What to produce:
Once the pictures are removed, reproduce what is left of the data below exactly.

Recorded information:
>>>

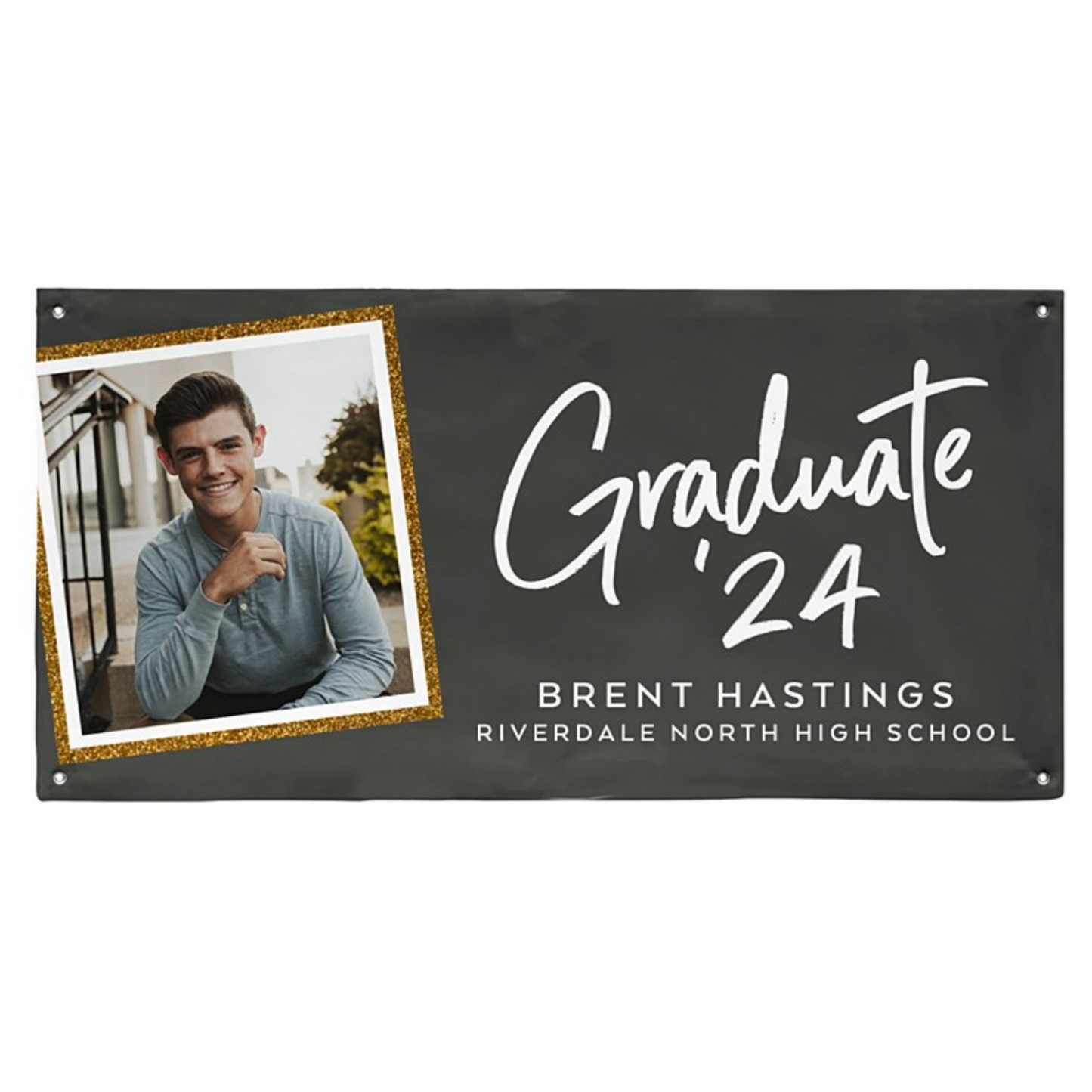 Sign of Success Graduation Photo Banner
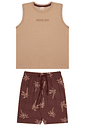 CONJUNTO REGATA E BERMUDA TACTEL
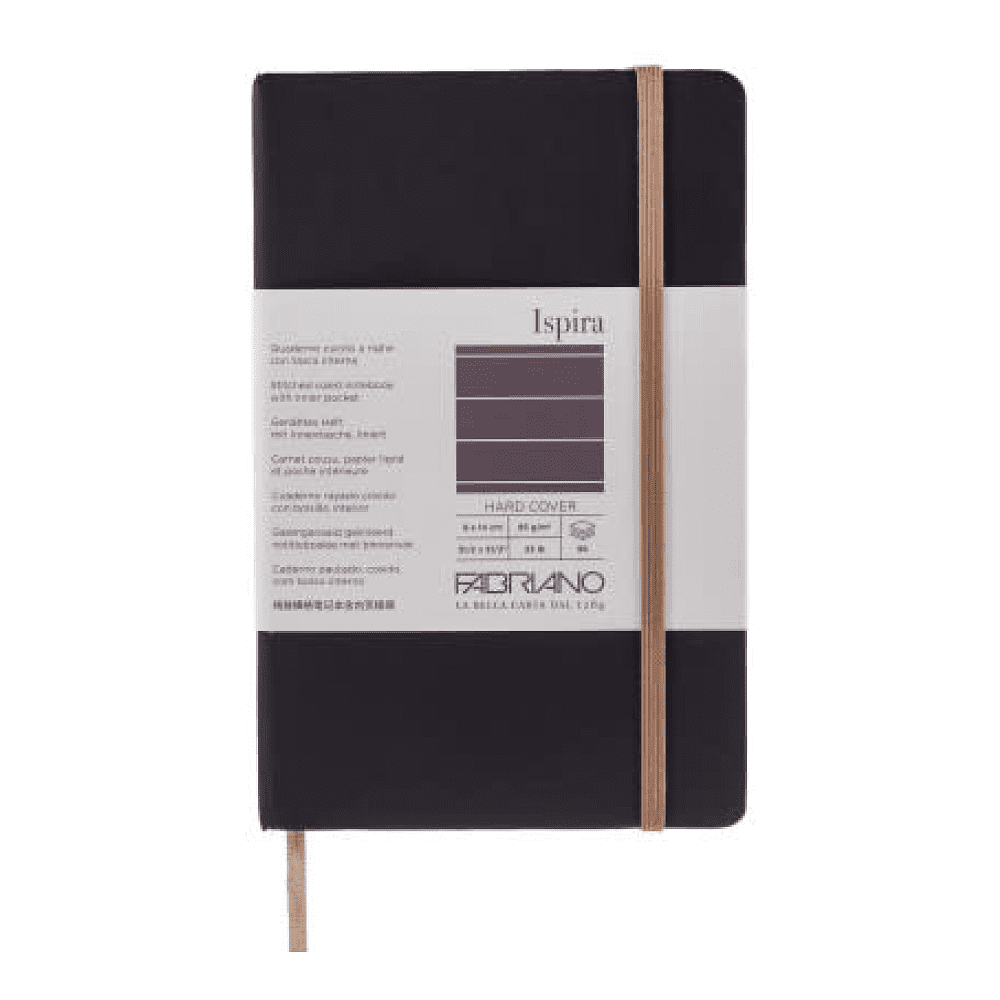 Блокнот "Fabriano. Ispiria", A5, 96 листов, линейка, коричневый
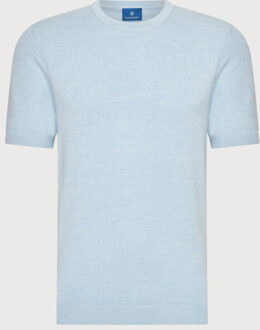 BLUE INDUSTRY Luxe knitted t-shirt | - maat M Blauw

<<<

Response for this exercise:
 Sign of Success Graduation Photo Banner
 CONJUNTO REGATA E BERMUDA TACTEL
 Блокнот "Fabriano. Ispiria", A5, 96 листов, линейка, коричневый
 BLUE INDUSTRY Luxe knitted t-shirt | - maat M Blauw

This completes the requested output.